Some thoughts on Dr. Kurt Steinberg and the Creative Life
Today, my dear friend and former colleague, Dr. Kurt Steinberg, was installed as the President of Montserrat College of Art. You can see a video of the entire ceremony here.
Kurt and I have often talked about what it means to be an artist, what it means to train artists, and what is at stake for the arts in this current moment. He asked me to give the keynote speech at his inauguration and I was humbled and honored to do so.
it was a beautiful ceremony at the historic Cabot Theatre. There were greetings from Governor Charlie Baker, State Senator Joan Lovely, State Representative Jerry Parisella, and Beverly Mayor Michael P. Cahill Speeches of congratulations and encouragement from Montserrat were given by Senior Faculty Member and former Dean Barbara Moody, Ed.D.

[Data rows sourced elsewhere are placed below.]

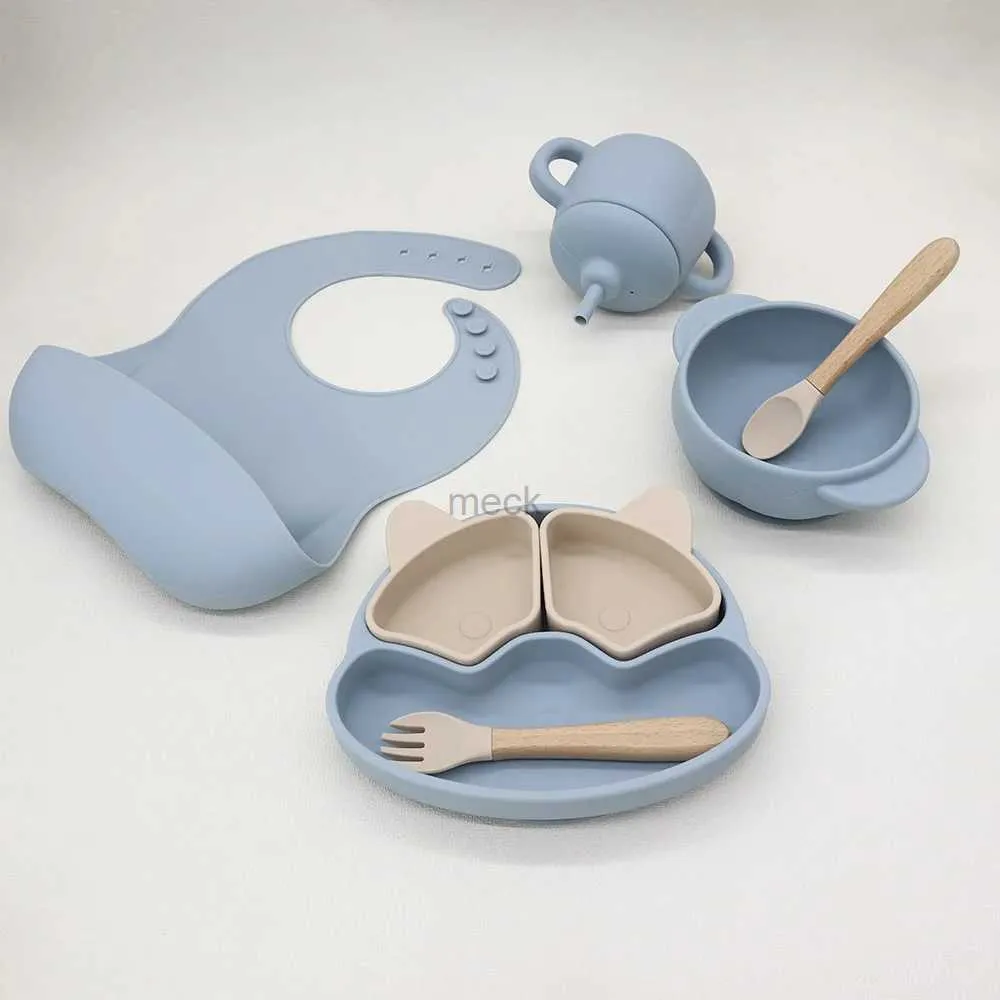 Tasses Vaisselle Ustensiles 8PCS Ensemble d'alimentation pour bébé Bol à ventouse sans BPA Assiette amovible Manche en bois Cuillère Fourchette Bavoirs en silicone Vaisselle pour enfants 240329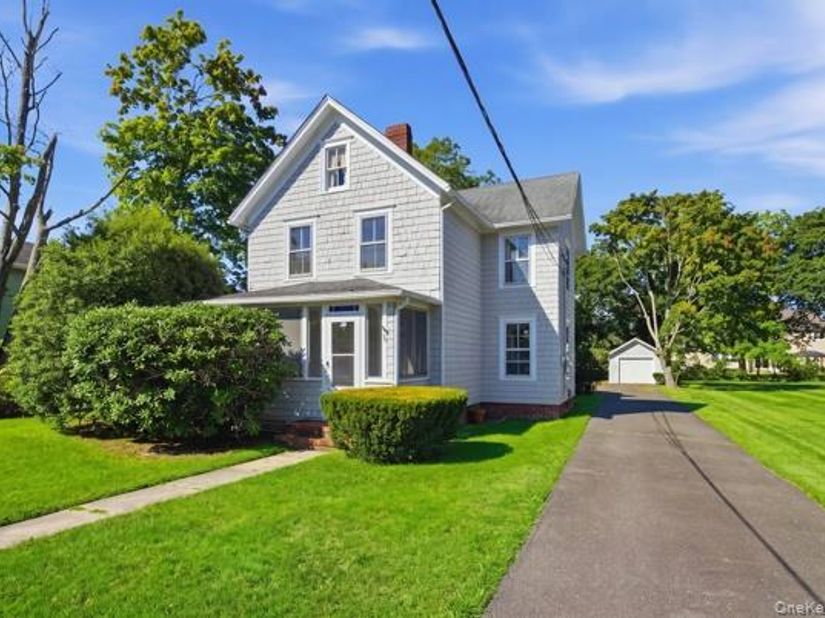 36 Railroad Ave., Center Moriches NY 11934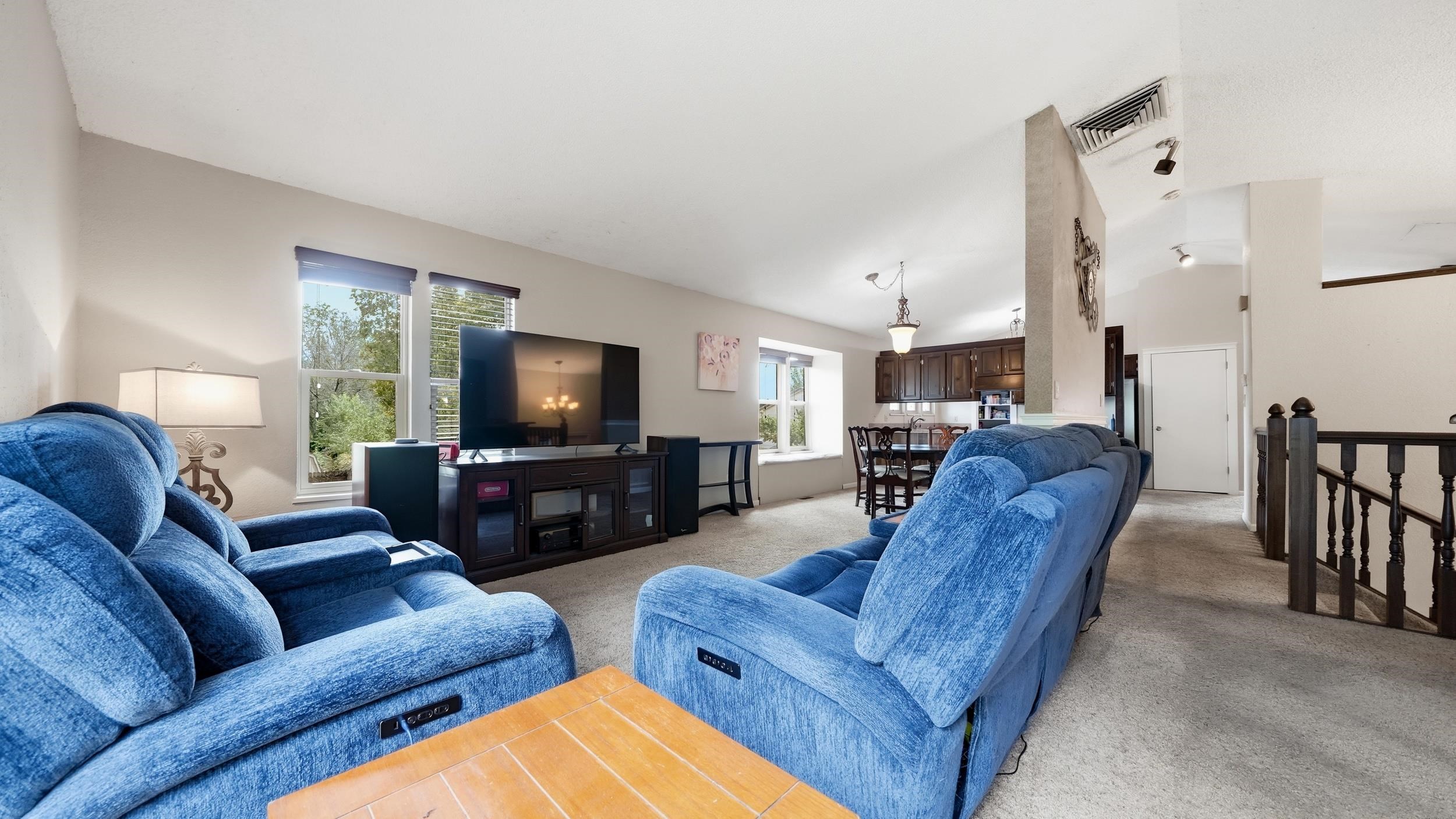 2902 Violet Place Property Photo 8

I got to share the stage with Kurt and the following luminaries:
F. Javier Cevallos, Ph.D., President, Framingham State University
Kay Sloan, D.A, President Emerita, Massachusetts College of Art and Design
Rose Sauriol, Student, Class of ’21’ Montserrat College of Art
Chelsea Sams, Alumna, ’08, Faculty, Montserrat College of Art
Amy Brown, ’05 Alumna, Montserrat College of Art
The text of my remarks follows. You can watch it at this link (and I come in at about 38:00).
Some thoughts on Kurt Steinberg and the Creative Life
I am honored to be here. Thrilled, actually. As some of you know, I know Kurt-President Steinberg-from another institution. I miss him terribly. I miss that laugh. It was hard for me, personally, that he left but when I found out he was coming here I was thrilled for him. And I am even more thrilled for you. Kurt steered my institution through one of the most difficult and fraught times in its close to 150 year history. He did it while taking flack from many constituencies at the school. He did it when his decisions were not popular and he did it when he had to manage a less than supportive group of colleagues. He stepped in when he was needed, going above and beyond what was required of him. Because of his work, the college started to right itself. And when the college started to right itself, shake off its problems, and begin to move forward again, to my ears, Kurt received the paltriest of thank yous from his naysayers. And it must be said that the groundwork he put in place, the systems he corrected, the projects he fought for and helmed, are still guiding the future of the institution that I love as much as you all love this one. I remain deeply grateful to him.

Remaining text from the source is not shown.